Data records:
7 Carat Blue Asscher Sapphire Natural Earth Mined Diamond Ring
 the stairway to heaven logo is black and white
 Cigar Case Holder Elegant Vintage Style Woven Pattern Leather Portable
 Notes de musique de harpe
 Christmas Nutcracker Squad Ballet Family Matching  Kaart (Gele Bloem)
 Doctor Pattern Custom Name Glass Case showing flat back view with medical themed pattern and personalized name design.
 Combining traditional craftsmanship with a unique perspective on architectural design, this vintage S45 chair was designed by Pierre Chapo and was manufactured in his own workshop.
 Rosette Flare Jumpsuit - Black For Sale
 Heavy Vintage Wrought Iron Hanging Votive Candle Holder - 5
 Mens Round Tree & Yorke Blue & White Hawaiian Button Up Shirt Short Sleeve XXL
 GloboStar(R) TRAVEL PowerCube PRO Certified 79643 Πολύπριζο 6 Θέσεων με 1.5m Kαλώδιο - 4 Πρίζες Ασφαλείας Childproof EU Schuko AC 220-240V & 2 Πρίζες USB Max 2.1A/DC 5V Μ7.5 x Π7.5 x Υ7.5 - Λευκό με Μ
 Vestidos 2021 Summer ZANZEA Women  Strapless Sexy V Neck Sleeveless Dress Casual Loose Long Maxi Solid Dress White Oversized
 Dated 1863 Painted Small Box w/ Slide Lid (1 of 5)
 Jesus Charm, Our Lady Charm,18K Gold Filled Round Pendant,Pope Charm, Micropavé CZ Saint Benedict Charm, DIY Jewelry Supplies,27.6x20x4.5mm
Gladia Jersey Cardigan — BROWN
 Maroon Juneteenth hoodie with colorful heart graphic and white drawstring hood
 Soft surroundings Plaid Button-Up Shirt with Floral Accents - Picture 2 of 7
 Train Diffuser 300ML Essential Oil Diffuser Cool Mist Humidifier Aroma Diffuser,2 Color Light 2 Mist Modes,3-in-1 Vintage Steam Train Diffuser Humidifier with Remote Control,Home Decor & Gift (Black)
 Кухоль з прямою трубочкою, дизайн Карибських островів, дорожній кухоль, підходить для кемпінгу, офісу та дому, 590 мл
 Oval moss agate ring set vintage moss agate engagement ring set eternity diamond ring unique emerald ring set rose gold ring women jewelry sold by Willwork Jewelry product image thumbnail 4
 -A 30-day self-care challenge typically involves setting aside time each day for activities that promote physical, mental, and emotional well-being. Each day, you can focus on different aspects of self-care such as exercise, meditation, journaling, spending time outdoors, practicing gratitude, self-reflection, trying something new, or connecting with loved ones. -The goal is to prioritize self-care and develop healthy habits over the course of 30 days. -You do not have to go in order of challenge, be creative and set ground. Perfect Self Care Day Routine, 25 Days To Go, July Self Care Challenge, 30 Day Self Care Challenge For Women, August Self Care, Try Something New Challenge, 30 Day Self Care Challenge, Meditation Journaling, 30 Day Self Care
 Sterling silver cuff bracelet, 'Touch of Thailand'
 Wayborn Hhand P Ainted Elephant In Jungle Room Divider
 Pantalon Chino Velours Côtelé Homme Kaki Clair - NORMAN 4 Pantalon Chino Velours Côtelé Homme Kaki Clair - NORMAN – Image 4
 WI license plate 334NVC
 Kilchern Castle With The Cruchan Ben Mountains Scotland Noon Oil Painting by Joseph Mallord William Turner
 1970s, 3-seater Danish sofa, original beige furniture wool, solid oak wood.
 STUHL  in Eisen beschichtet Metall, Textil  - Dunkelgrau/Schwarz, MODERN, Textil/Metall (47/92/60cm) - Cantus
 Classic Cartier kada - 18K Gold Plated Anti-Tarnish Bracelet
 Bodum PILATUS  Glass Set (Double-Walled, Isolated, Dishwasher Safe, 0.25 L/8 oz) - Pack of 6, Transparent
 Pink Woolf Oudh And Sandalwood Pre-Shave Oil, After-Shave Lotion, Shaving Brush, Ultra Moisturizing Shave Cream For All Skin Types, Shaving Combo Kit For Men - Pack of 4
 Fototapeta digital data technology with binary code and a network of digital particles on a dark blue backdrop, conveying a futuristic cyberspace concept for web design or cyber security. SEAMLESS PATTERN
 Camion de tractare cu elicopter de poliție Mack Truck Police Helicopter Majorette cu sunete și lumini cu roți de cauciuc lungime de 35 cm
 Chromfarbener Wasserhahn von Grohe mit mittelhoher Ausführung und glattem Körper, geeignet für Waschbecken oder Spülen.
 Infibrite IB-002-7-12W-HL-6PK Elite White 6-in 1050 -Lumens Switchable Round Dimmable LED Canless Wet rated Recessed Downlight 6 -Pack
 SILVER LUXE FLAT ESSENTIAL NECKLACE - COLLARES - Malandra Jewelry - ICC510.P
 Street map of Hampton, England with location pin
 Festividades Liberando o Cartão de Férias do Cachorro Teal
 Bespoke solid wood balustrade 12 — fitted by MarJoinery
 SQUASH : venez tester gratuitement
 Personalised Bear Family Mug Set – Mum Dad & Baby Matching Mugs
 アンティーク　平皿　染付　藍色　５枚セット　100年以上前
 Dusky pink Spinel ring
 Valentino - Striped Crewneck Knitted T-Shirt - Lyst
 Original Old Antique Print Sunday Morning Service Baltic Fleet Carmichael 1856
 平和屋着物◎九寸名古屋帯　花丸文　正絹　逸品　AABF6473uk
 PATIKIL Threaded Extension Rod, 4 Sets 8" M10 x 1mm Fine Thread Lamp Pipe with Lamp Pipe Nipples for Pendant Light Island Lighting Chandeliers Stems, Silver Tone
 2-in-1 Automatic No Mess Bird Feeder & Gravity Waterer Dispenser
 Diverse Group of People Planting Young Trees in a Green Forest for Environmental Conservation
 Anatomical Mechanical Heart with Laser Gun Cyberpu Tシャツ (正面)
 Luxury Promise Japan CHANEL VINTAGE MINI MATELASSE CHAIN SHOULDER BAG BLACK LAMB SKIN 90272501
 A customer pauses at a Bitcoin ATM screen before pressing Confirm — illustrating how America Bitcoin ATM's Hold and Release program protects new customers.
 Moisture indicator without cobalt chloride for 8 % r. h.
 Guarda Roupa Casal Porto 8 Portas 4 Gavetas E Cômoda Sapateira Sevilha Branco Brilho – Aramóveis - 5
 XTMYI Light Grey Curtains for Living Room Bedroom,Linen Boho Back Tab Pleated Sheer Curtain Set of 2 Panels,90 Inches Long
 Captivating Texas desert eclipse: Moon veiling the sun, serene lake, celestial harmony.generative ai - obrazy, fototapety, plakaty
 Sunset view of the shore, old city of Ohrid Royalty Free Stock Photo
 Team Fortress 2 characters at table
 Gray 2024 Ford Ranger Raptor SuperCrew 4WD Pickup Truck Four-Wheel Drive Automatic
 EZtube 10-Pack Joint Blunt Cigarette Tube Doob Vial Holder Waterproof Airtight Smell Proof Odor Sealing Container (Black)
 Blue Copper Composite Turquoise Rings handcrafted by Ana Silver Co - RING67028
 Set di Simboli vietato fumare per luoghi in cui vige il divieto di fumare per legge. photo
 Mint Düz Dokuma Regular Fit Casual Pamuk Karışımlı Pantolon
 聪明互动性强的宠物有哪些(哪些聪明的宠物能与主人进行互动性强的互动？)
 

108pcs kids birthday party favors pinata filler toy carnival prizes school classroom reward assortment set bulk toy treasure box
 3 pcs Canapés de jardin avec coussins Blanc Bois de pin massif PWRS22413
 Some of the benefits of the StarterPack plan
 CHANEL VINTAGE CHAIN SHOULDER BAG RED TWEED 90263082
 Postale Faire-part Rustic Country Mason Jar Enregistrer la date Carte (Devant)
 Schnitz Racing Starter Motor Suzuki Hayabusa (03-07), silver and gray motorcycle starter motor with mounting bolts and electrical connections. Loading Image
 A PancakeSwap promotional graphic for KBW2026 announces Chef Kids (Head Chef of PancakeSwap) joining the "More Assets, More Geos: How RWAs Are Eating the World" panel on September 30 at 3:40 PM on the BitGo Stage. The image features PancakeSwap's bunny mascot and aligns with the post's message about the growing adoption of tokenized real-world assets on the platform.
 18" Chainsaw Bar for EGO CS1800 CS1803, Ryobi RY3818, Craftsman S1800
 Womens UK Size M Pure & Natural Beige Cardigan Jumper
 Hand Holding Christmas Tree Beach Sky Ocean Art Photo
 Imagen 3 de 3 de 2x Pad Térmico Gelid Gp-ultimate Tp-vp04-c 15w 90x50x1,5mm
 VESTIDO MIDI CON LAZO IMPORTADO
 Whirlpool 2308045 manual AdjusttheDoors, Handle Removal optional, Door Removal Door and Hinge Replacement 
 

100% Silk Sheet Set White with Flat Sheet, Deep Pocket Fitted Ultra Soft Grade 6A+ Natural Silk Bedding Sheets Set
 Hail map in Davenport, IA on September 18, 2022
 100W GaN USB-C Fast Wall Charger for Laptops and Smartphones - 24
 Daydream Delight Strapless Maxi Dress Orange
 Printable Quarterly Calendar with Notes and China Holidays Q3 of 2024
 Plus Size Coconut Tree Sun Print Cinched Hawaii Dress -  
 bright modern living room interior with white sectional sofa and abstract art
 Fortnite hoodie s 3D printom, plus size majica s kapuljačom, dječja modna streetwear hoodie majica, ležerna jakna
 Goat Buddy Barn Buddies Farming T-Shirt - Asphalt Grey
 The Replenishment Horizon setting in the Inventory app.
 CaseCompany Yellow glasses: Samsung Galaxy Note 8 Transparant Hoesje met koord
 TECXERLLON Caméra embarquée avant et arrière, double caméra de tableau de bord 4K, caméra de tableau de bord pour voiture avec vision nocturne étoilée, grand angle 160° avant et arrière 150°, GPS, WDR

> _Exercise description_: Please reproduce, exactly as they appear above, the lines from the line containing "Personalised Bear Family" up to and including the line containing "Diverse Group of".

> _Exercise output_:
 Personalised Bear Family Mug Set – Mum Dad & Baby Matching Mugs
 アンティーク　平皿　染付　藍色　５枚セット　100年以上前
 Dusky pink Spinel ring
 Valentino - Striped Crewneck Knitted T-Shirt - Lyst
 Original Old Antique Print Sunday Morning Service Baltic Fleet Carmichael 1856
 平和屋着物◎九寸名古屋帯　花丸文　正絹　逸品　AABF6473uk
 PATIKIL Threaded Extension Rod, 4 Sets 8" M10 x 1mm Fine Thread Lamp Pipe with Lamp Pipe Nipples for Pendant Light Island Lighting Chandeliers Stems, Silver Tone
 2-in-1 Automatic No Mess Bird Feeder & Gravity Waterer Dispenser
 Diverse Group of People Planting Young Trees in a Green Forest for Environmental Conservation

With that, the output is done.